Je n'ai pas répondu immédiatement car certaines affirmations mettent quelques secondes à être traitées et enregistrées par le cerveau lorsqu'elles sont prononcées à voix haute.

Il continua à parler comme s'il expliquait une évidence, affirmant que j'avais acheté la maison après notre mariage et que, par conséquent, tout ce que je possédais lui appartenait automatiquement.

« Si vous comptez causer des ennuis à ma famille, alors dépêchez-vous, car c’est moi qui commande ici », a-t-il ajouté, avec un calme qui rendait la menace encore plus inquiétante.

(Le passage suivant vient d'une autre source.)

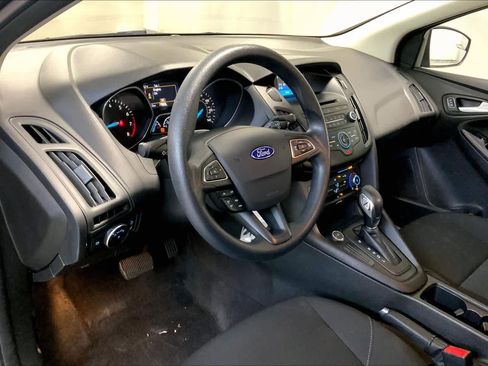 Used 2017 Ford Focus SE image 17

« Je l’ai payé moi-même avec l’argent que j’ai tiré de la vente de mon entreprise », ai-je répondu, en gardant un ton neutre malgré le tourbillon de mes pensées.

Il haussa les épaules comme si tout cela n'avait aucune importance et dit : « Alors prouvez-le. »

Ce moment m'a glacé le sang plus que tout ce qu'il avait jamais fait, car il ne s'agissait pas seulement de mensonges ou de manipulation, mais de la facilité avec laquelle il a essayé de réécrire la réalité sous mes yeux, comme si j'allais finir par accepter sa version sans résistance.

Cette nuit-là, je n'ai pas pu dormir et je suis restée allongée là, fixant le plafond, repensant à chaque petit moment que j'avais ignoré au fil des ans, y compris la façon dont je l'avais laissé remodeler mon histoire pour s'y inclure comme participant.

J'ai réalisé que tout s'était produit progressivement, si progressivement que je n'avais jamais pris conscience à quel point j'avais altéré ma vérité pour préserver la paix.

Le lendemain matin, il partit tôt, régla sa montre et prit ses clés avec la même assurance tranquille, puis dit qu'il se rendait à l'aéroport chercher ses parents et Lindsay et que je saurais déjà comment les choses se dérouleraient à son retour.

Au lieu de discuter, j'ai simplement hoché la tête et, dès que la porte s'est refermée derrière lui, j'ai ouvert mon ordinateur portable sur le comptoir de la cuisine et j'ai commencé à parcourir tous les documents relatifs à la maison.

Chaque acte, transfert, contrat d'assurance et document fiscal confirmait que tout était enregistré exclusivement à mon nom, sans aucune ambiguïté.

En examinant un compte temporaire que je lui avais permis d'utiliser pour ses frais de déménagement et l'achat de meubles, j'ai découvert quelque chose de bien pire que ce qu'il avait laissé entendre.

Il s'agissait de trois virements bancaires que je n'avais jamais autorisés, pour un montant total de près de huit cent mille dollars, tous étiquetés avec des descriptions vagues comme « soutien familial » et « aide d'urgence ».

Je suis resté là, réalisant que Gavin n'avait absolument rien improvisé.

Il avait déjà commencé à me ressembler, et à ce moment précis, j'ai décidé que, lorsqu'il reviendrait avec sa famille, il ne trouverait pas la maison qu'il pensait s'être appropriée.